More than their ever-present good humor, The Fab Four’s chemistry is what carries the film. It was while filming “HELP!” that George first encountered the sitar and Eastern religions, which were integral parts of his future recordings, and he contributes his understated “I Need You” to the soundtrack. John, deep in his “Dylan phase” cranked out the most songs, including “You’ve Got To Hide Your Love Away,” and “You’re Gonna Lose That Girl.” Paul gives a glimpse of where his pop sensibilities are headed with “The Night Before” and “Another Girl.” For the first time, Ringo didn’t get a solo turn at the mic.
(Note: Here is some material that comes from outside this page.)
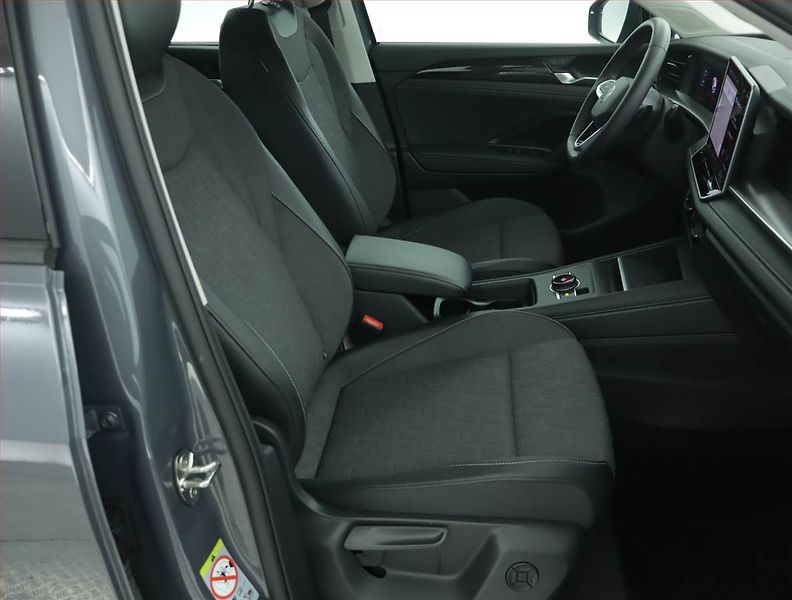 Volkswagen Tayron (2025) 1.5 eTSI - fotka 9 z 19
The Beatles’ soundtrack albums were always musical turning points. A Hard Day’s Night’s Soundtrack was the first album the band wrote every song on, and “HELP!” is a departure as well. It’s the acid-laced passageway from “Meet The Beatles” to “Revolver.” The songs are amazing, and shortly after this release, the band stopped touring and mixed in an ever-widening variety of styles and influences. “HELP!” looks as good as it sounds. The colors are vibrant and the sets are lush and luscious. Color works against the musical segments in a lot of cases, which were more effective in black & white, but it’s a vibrant, fun film. The Beatles and their keepers were testing the width and the depth of where a rock band could go. For several years later, every movie starring a rock band fell somewhere between “A Hard Day’s Night” and “HELP!” and for that reason alone, they’re both worth watching today.